Health Care – What is Wrong With Single Payer ?
So, I wonder, what can be so wrong with a Single-Payer health care system that President Obama has ruled it “off-the-table” before the discussion even starts. If we had a single payer system everybody would be so much better off except the insurance companies. I and Mrs. Chief have Medicare as our Primary insurance and Tricare for Life (TFL, as a retired Navy person) as our secondary. Both are single payer as the U. S. government pays the bills. It is great. I go to any doctor I want and any necessary tests (and there are more than a few when one is 68) are done and I pay not a penny. Granted we each pay about $100 a month for Medicare Part B, but the prescription coverage comes as part of the TFL and that, my friends, was paid for as part of the twenty-one years of putting myself in harms way as part of the U.S. Navy.
Amy Goodman, DemocracyNow, has a relevant post here that addresses the lack of administration interest in the single payer concept.
Congress is considering H.R. 676, “Expanded and Improved Medicare for All,” sponsored by John Conyers, D-Mich., with 64 co-sponsors. Yet even when Rep. Conyers directly asked Obama at a Congressional Black Caucus meeting if he could attend the White House health-care summit, he was not immediately invited. Nor was any other advocate for single-payer health care.

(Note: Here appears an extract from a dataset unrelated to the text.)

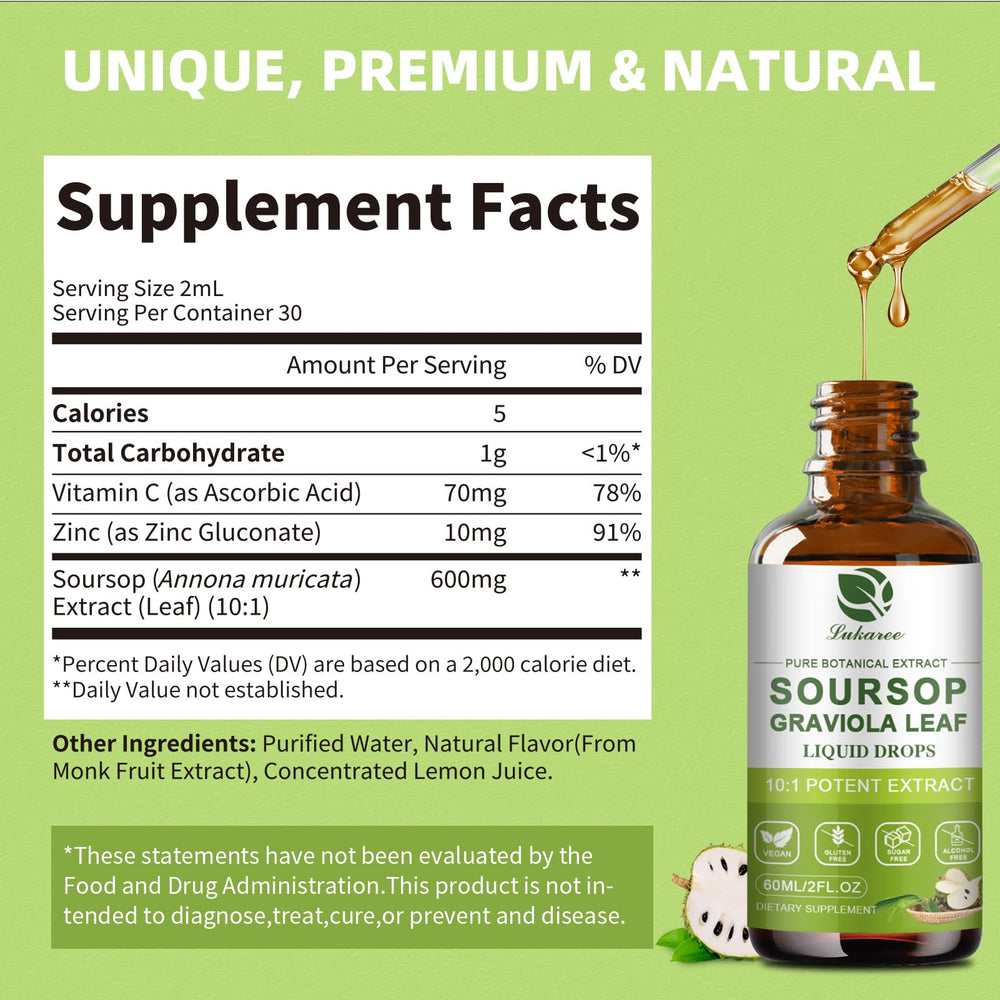 Bottle with Lukaree soursop leaves extract vegan non-GMO label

Conyers had asked to bring Dr. Marcia Angell, the first woman editor in chief of The New England Journal of Medicine, the most prestigious medical journal in the country, and Dr. Quentin Young. Young is perhaps the most well-known single-payer advocate in America. He was Martin Luther King Jr.’s doctor when King lived in Chicago. “My 15-minute house calls would stretch into three hours,” he told me.

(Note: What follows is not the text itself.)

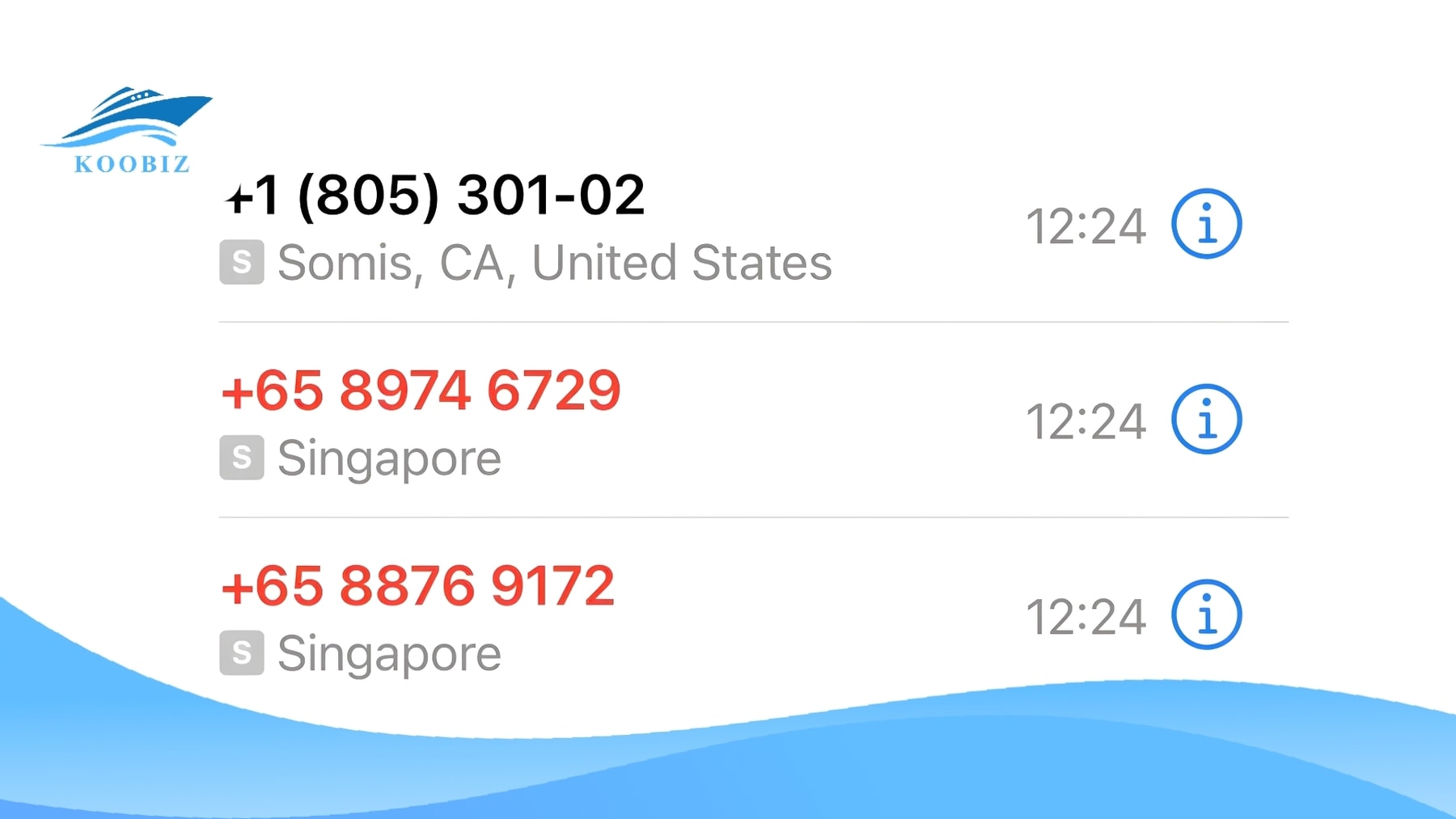 Định dạng của số điện thoại từ Singapore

But he came to know Barack Obama even better. Though his medical partner was Obama’s doctor, Young was his neighbor, friend and ally for decades. “Obama supported single-payer, gave speeches for it,” he said.
This past weekend, hundreds turned out to honor the 85-year-old Young, including the Illinois governor and three members of Congress, but the White House’s response to Conyers’ request that Young be included in the summit? A resounding no. Perhaps because Obama personally knows how persuasive and committed Young is.

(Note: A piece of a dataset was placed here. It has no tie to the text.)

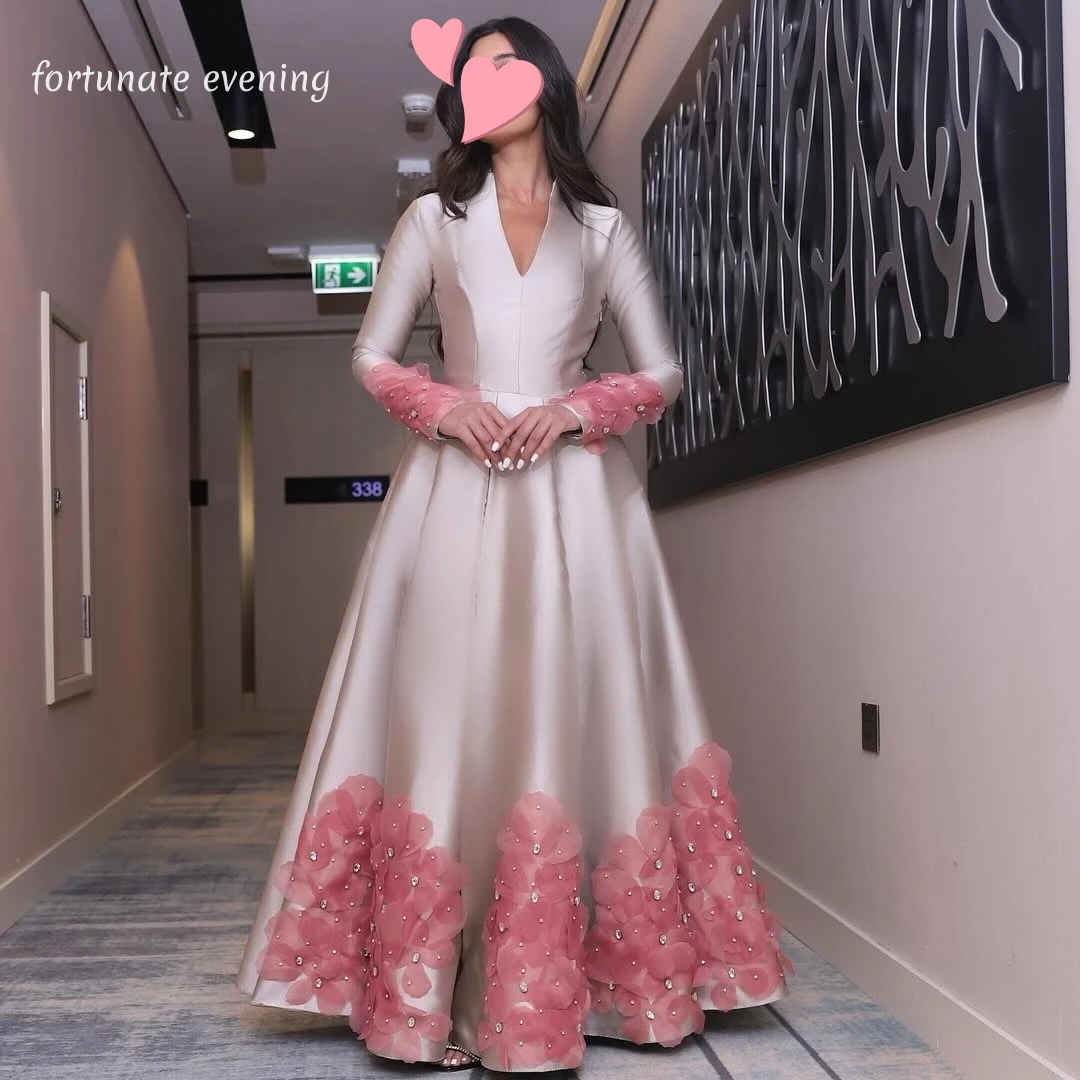 

Fortunate Evening Elegant Vintage Sweet Pink Crystal Flowers New Customized Formal Occasion Prom Dress Evening Party Gowns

At the conclusion of reading Ms. Goodman’s post, I sent the following to my senator, Sherrod Brown (D-OH)
I understand that President Obama has taken “Single-Payer” health care off the table.
I am a member of two single-payer insurance groups. First is Medicare. The second is Tricare for Life as a Retired Navy man. both systems work great. No hassle and no insurance companies to argue with or ration the care I receive.
I would like to see insurance companies removed from the health care equation as I feel the U.S. Government can deliver health care at a lower cost.
I ask you to please consider single payer as a solution to the health care crisis in America.